A: After we found success with trending stories, we tried to find a team that would focus on those stories, first our social team and then our breaking news team. That didn’t work for us. The best of these stories are found on a beat. Asking a reporter to spend their entire day digging around for what could go viral fell short nearly every time.
We reverted to asking all reporters to incorporate those stories into their weekly work. Some reporters are better at it than others, and we lean on those who know a great trending story idea when they see it.
The trending stories that come off beats tend to have more authority. For example: an education reporter who hears about a male student kicked out of school for wearing earrings and can offer context on the discrimination issues that often surround dress codes, or a politics reporter who happens to ask the right question about John McCain’s dog for an audience that can’t get enough of the local political hero.
Reporters who are experts on their beats know a great story when they hear it, and they can add unique context and take the reader deeper into the story behind the story.

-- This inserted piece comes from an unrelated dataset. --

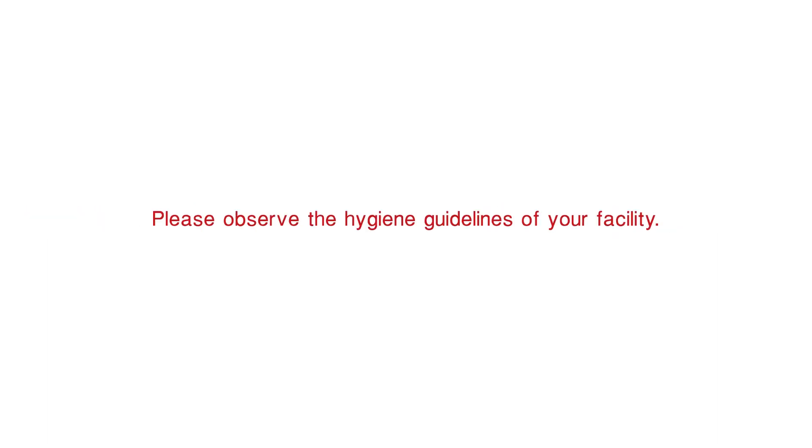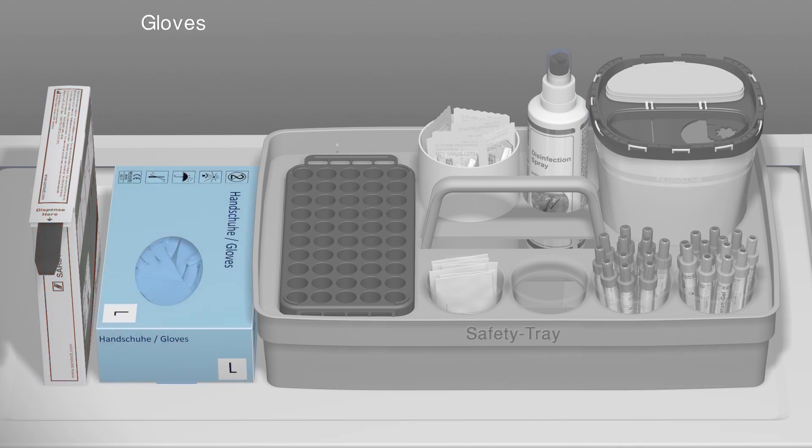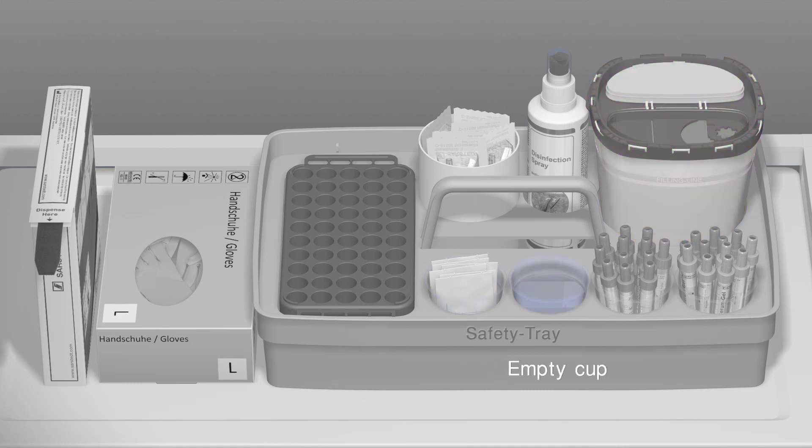Please observe the hygiene regulations of your facility. You will need the following items: a tourniquet, single-use gloves, block rack, a safety needle, disinfectant, a multi-safe disposal box, antiseptic swabs, an empty cup, and the S-Monovettes.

That allows us to offer readers more than a simple aggregated post.
Editors need to have conversations with their reporters when talking about stories. Where does this story fall in the audience funnel? Is this for loyalists? Is this about killing zombies? Communication is a must at the beginning of a story. Being strategic is another must.

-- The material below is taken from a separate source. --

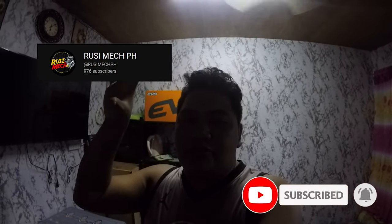Pahabol guys — kung nagustuhan nyo tong video na to guys, like, share and subscribe. Tapos si RusimekPH guys, yan nasa screen yung YouTube channel nya — subscribe nyo din sya guys at tulungan natin syang maabot ang 1,000 subscribers para ma-monetize yung YouTube channel nya. Lahat ng mga nandun guys ay tungkol sa Rusi na unit, so kung Rusi ka or may Rusi ka, may makukuha kang idea dun sa mga ginagawa nya. Don't forget to subscribe din kay RusimekPH guys — yun lang guys, peace!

Q: What happened that you didn’t expect?
A: When we started the Table Stakes program, 42% of our subscribers were zombies and 26% were loyalists — those who visit the site at least once every three days and account for 20+ page views over a 7-day period. Everyone else fell in between.
In a year, we flipped those two numbers, all while increasing the subscriber pool by 63% and reducing our overall churn rate by more than a percentage point. Even that small decrease in churn saved us more than two full-time employee salaries over a year.
Not all of that was through our newsroom’s zombie-killing efforts alone, but we’ll take some of the credit. Before our efforts, 50% of all our stops came from the zombie category. By the end, 50% of all our stops still came from the zombie category, but the percentage of zombies had dropped drastically, meaning our overall zombie churn number was dramatically down.
Q: What would you do differently now? What did you learn?
A: We wish we could have rolled everything out at once. Our staff did feel a bit of whiplash, and it took a while for them to grasp that we weren’t abandoning our subscription obsession to refocus on zombies but instead extending the subscription funnel beyond just subscribing to developing more loyal subscribers.
Q: What advice would you give to others who try to do this?
A: Don’t rely on the low-hanging fruit everyone else is already going after. Find local, unique social stories that zombies want and add your own spin. Don’t create a separate team that just does those types of stories. And don’t try to rely on click-bait stories — zombies aren’t brainless. Be smart. Be unique. Be on time.
Dispense with the corporate jargon. Zombies, loyalists and funnels are easy to grasp.
Show your work. Show the newsroom how they can track the numbers themselves, and celebrate daily wins to give concrete examples.